A visit to the vineyard is undoubtedly a must-do activity while in Da Vinci's Milan. However, one needs to book in advance to witness the glory of this living history.
Chiesa di Santa Maria delle Grazie (Church of Holy Mary of Grace); "The Last Supper" fresco

4) Chiesa di Santa Maria delle Grazie (Church of Holy Mary of Grace); "The Last Supper" fresco (must see)

Santa Maria delle Grazie (the Church of Holy Mary of Grace) is a world-famous church and Dominican convent in Milan, included in the UNESCO World Heritage sites list. The Duke of Milan, Francesco I Sforza, ordered the building of Santa Maria delle Grazie in the 15th century. The design of its apse has been attributed to Donato Bramante, who at that time was in the service of the Duchy.
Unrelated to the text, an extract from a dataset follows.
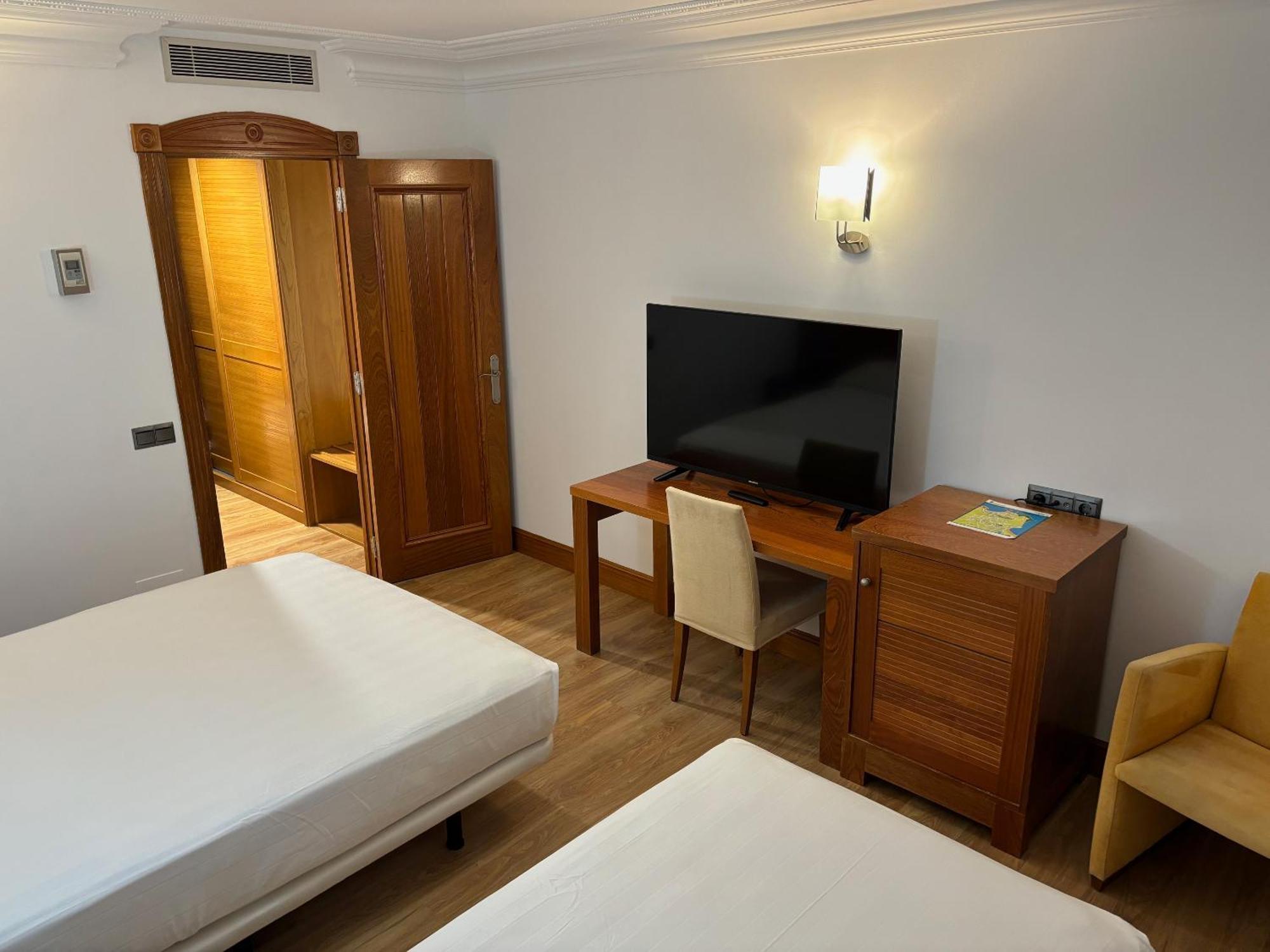Gran Hotel Liber & Spa Playa Golf Ноха Экстерьер фото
While adhering to the overall Gothic style of the convent, he added some Romanesque touches as well.

The church is primarily famous for the mural of The Last Supper (Il Cenacolo Vinciano) found in the refectory of the convent. Created by Leonardo da Vinci for his patron Duke Ludovico Sforza and the Duchess, this 15th-century wall painting was made on a dry wall rather than on wet plaster, and, thus, is not truly a fresco. A fresco cannot be altered as the artist works; therefore, Leonardo decided to paint on the stone wall and then cover it with a sealing layer. The work began to deteriorate a few years after he had finished it. Two early copies of "The Last Supper", thought to be the work of Leonardo's assistant, still exist.

During World War II, on the night of 15 August 1943, an allied aerial bombardment hit the church and the convent. Much of the refectory was destroyed, but some walls survived, including the one holding "The Last Supper", which had been sand-bagged for protection. The preservation works continuously done ever since, and hopefully in the future, are believed to maintain this painting intact for many centuries to come.

Why You Should Visit:
Viewing "The Last Supper" in its own setting will make you feel more appreciative of the single point linear perspective and the 3D effect so cleverly used by Da Vinci.

To view "The Last Supper", make sure to book your tickets well in advance on the official website, as they are usually sold out within at least two weeks prior to the sought date.
Museo della Scienza e della Tecnologia Leonardo da Vinci (Museum of Science and Technology)

5) Museo della Scienza e della Tecnologia Leonardo da Vinci (Museum of Science and Technology) (must see)

Dedicated to the Italian painter and scientist Leonardo da Vinci, this is actually the largest science and technology museum in Italy. Opened on 5 February 1953, the museum is housed in the ancient monastery of San Vittore al Corpo, showcasing 7 main departments, namely: Materials, Transport, Energy, Communication Leonardo da Vinci – Art & Science, New Frontiers, and Science for Young People.

The Transport section is divided into four parts: Air, Rail, Water, and Submarine Enrico Toti-S-506. However, the Leonardo da Vinci – Art & Science area is one of the most popular ones, consisting of four parts: Jewelry, Leonardo da Vinci, Horology, and Musical Instruments.

While the Jewelry collection showcases objects made of gems and precious metals, including gold and ivory, the Leonardo da Vinci part exhibits machines that were reproduced from Da Vinci's drawings, such as a hydraulic saw, a spinning machine, a flying machine, and the so-called Leonardo's Tank. The displayed models are the result of the reinterpretation of a group of experts who have translated and completed the drawings.

The Horology collection shows the evolution of watchmaking by displaying several pendulums, ancient clocks, personal watches, and tower mechanisms. The Musical Instruments section displays instruments from the 17th to 20th centuries, and a reconstruction of a lutemaker's workshop from the 17th century is also exhibited.

Why You Should Visit:
A fantastic destination for science enthusiasts, engineering minds, and fact-followers of any age.